When writing out the entries below, keep only the lines from the line with "9ct Yellow Gold 0.15ct Diamond Cluster Ring" to the line with "High Waisted Cotten Linen Pants", both included, exactly as they are, and leave the pictures aside.

Records shown:
════════

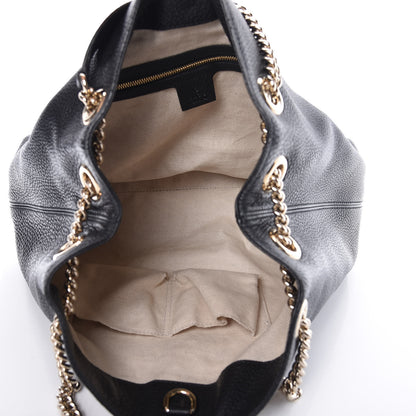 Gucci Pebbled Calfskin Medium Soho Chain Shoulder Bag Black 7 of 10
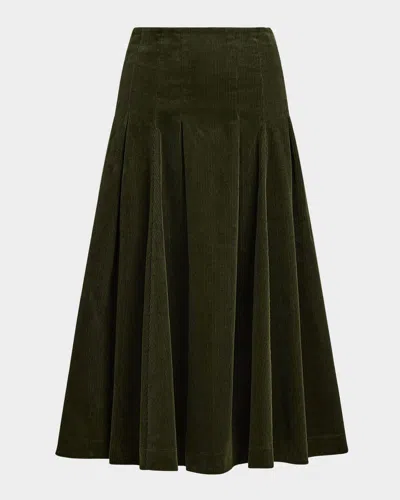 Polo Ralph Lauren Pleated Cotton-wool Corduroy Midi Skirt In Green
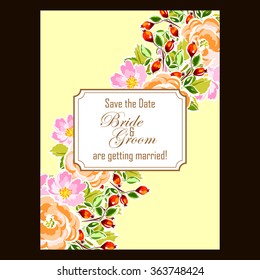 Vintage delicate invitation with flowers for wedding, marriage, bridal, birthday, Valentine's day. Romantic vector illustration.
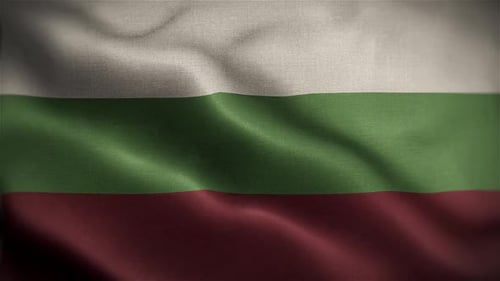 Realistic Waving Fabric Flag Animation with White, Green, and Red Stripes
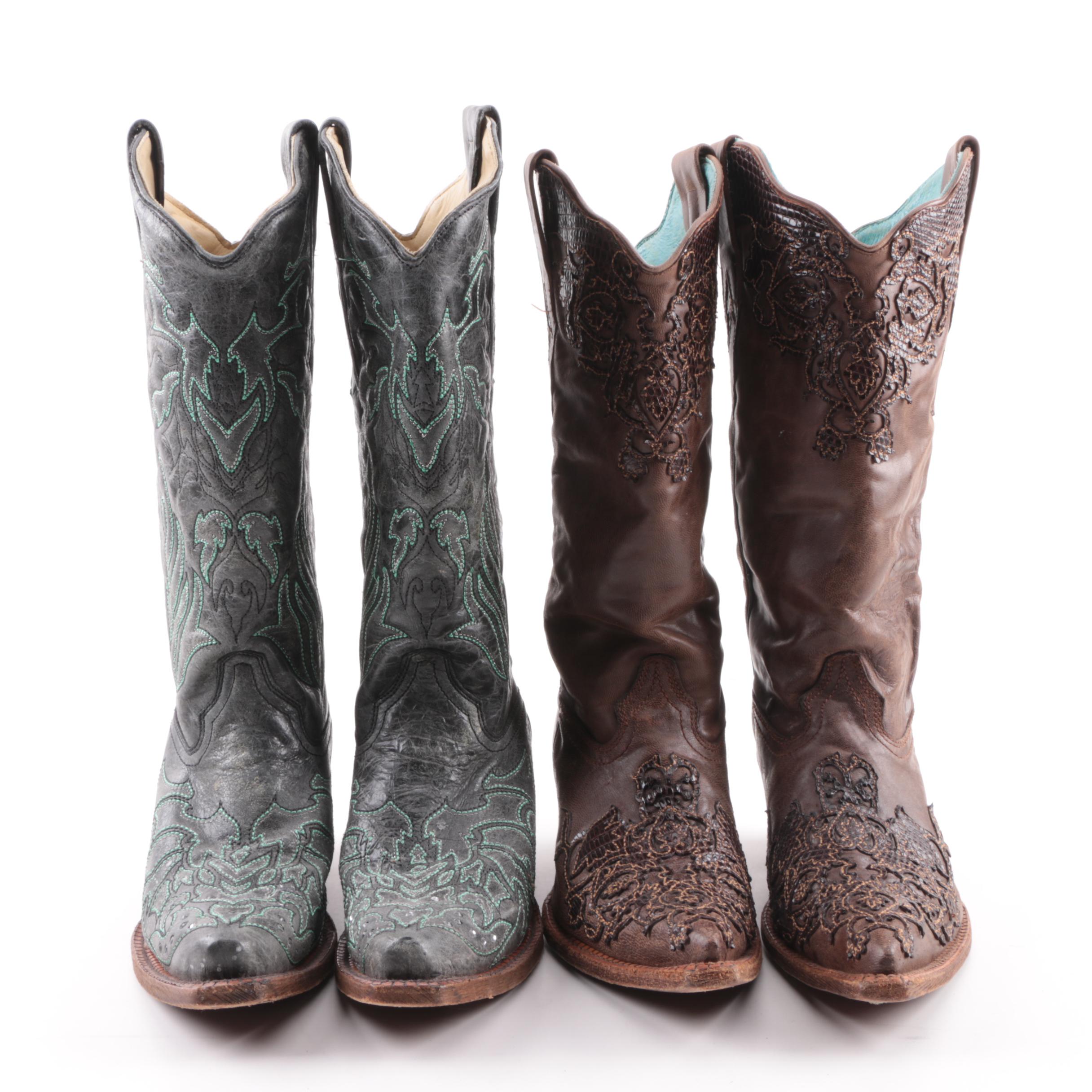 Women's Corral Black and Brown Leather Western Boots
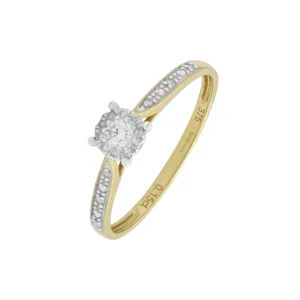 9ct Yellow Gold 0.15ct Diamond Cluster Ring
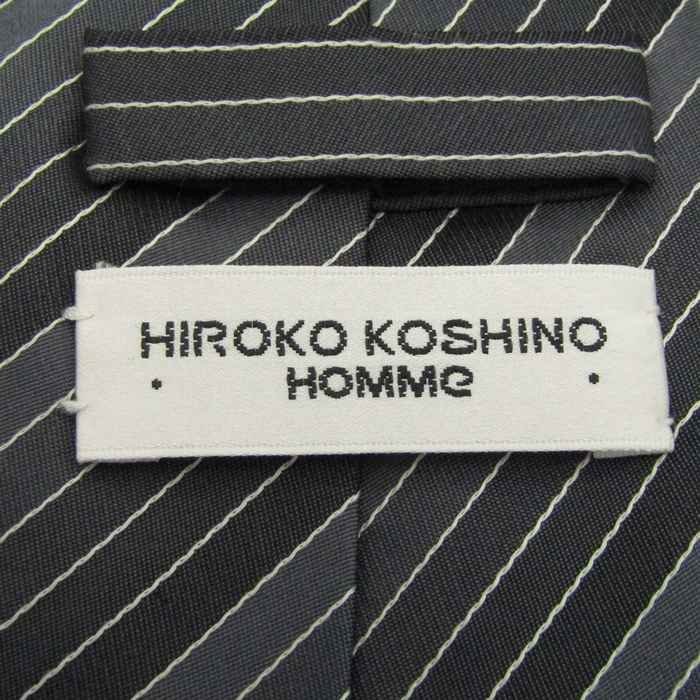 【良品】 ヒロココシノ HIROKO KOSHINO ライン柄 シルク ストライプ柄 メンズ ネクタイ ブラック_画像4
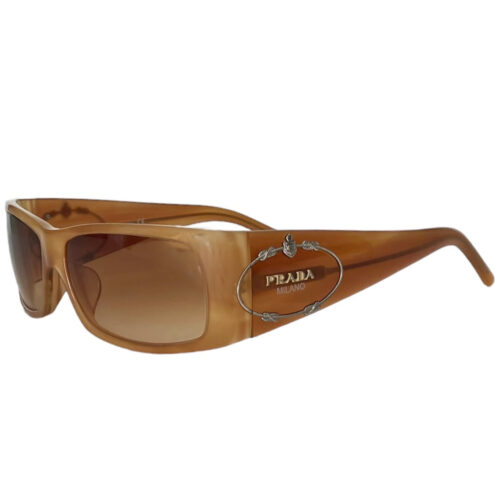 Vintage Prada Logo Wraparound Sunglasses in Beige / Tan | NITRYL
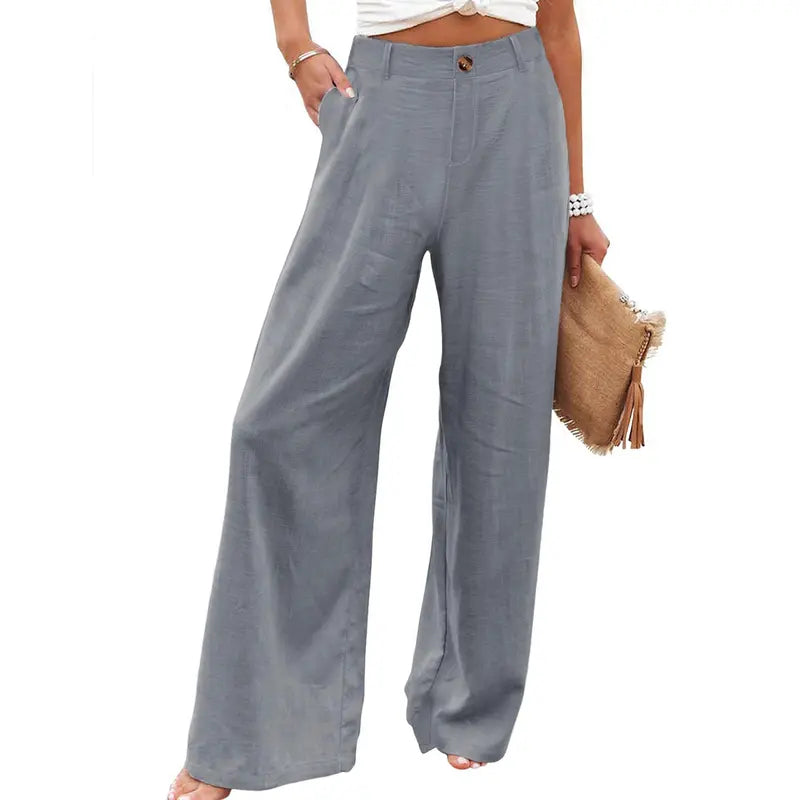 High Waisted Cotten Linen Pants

════════

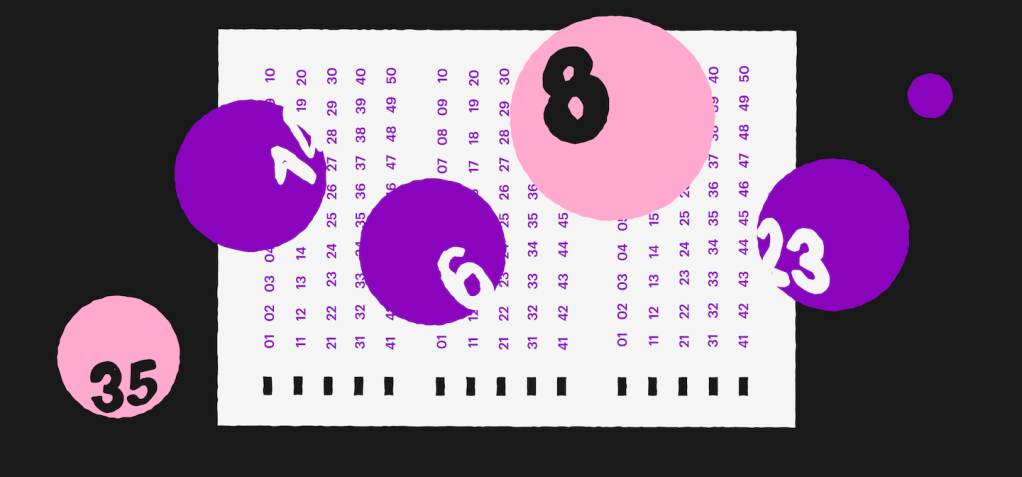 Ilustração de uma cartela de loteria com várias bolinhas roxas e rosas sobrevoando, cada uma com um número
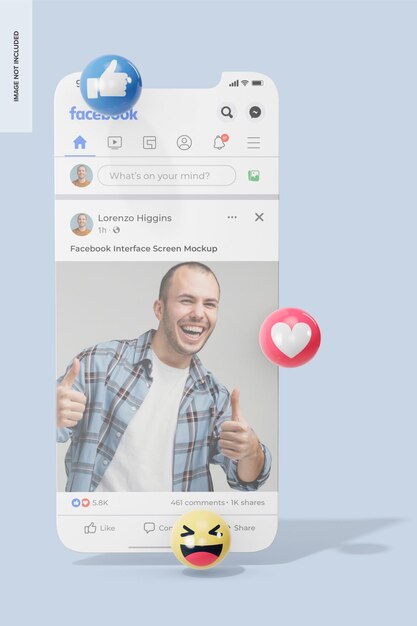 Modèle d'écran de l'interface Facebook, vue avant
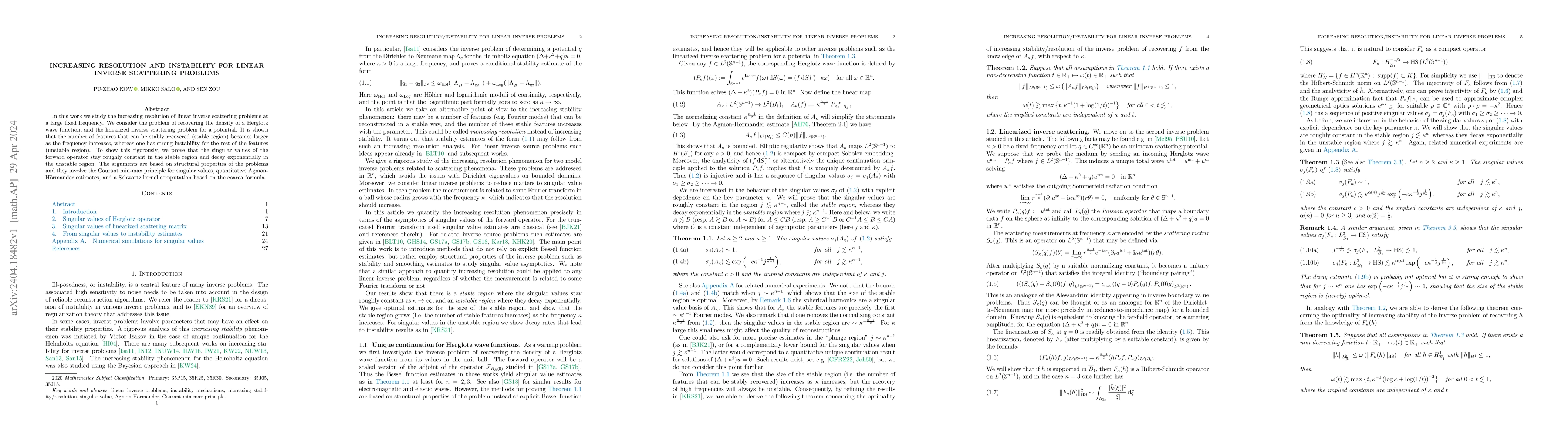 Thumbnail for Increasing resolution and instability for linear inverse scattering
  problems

════════

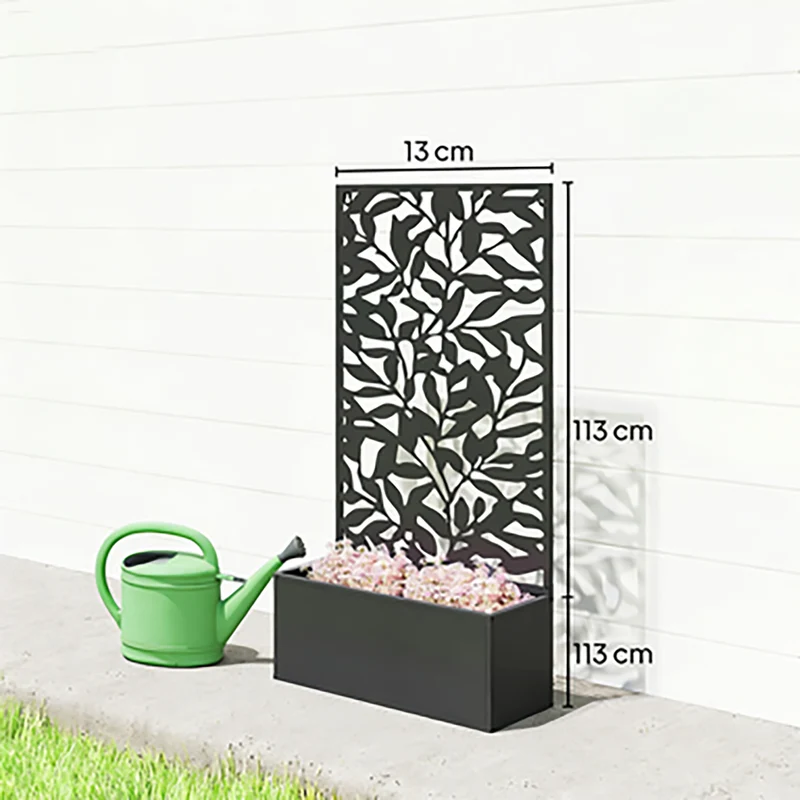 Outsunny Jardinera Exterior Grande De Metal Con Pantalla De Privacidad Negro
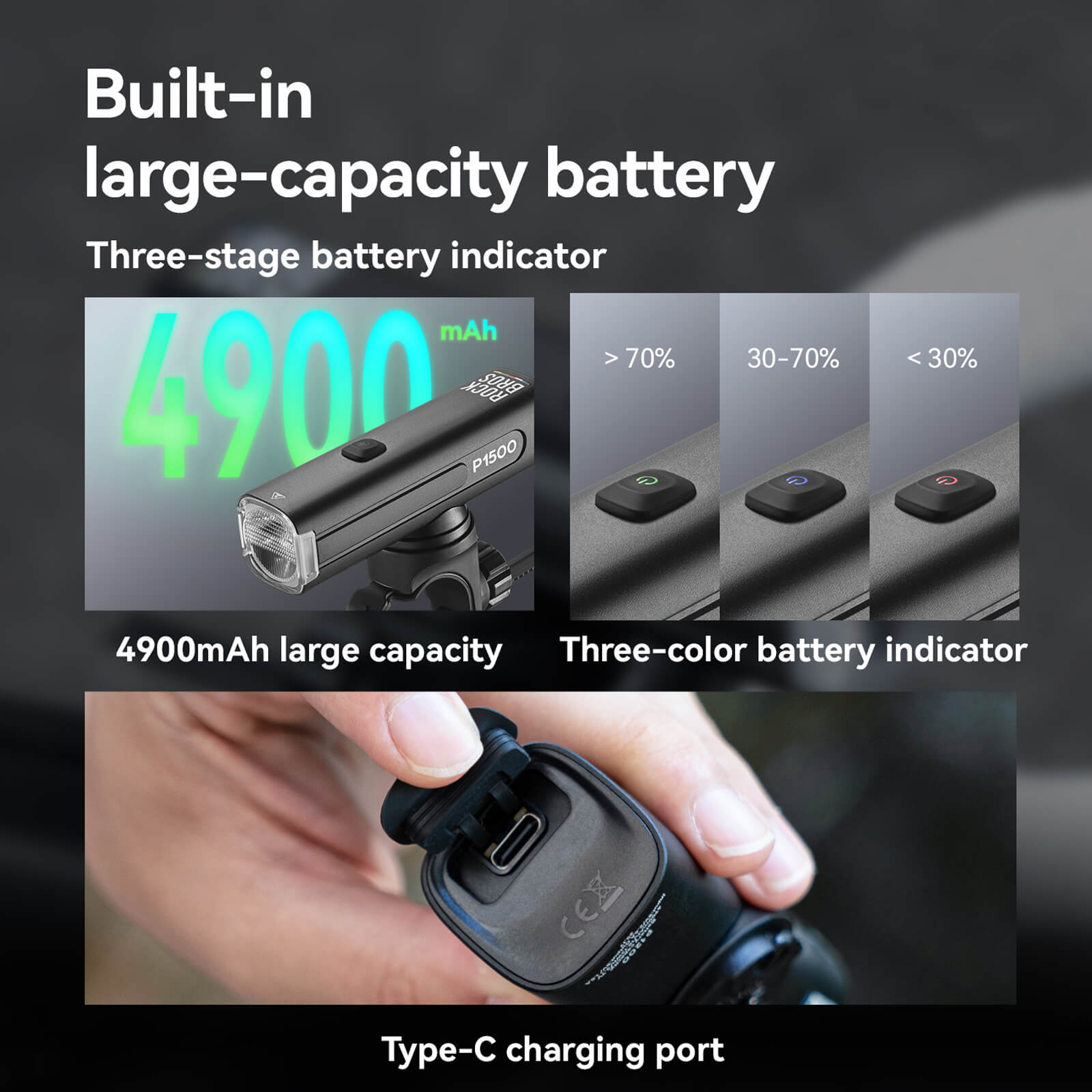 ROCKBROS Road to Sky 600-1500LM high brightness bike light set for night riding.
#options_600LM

════════

Task answer:
 9ct Yellow Gold 0.15ct Diamond Cluster Ring
 【良品】 ヒロココシノ HIROKO KOSHINO ライン柄 シルク ストライプ柄 メンズ ネクタイ ブラック_画像4
 Vintage Prada Logo Wraparound Sunglasses in Beige / Tan | NITRYL
 High Waisted Cotten Linen Pants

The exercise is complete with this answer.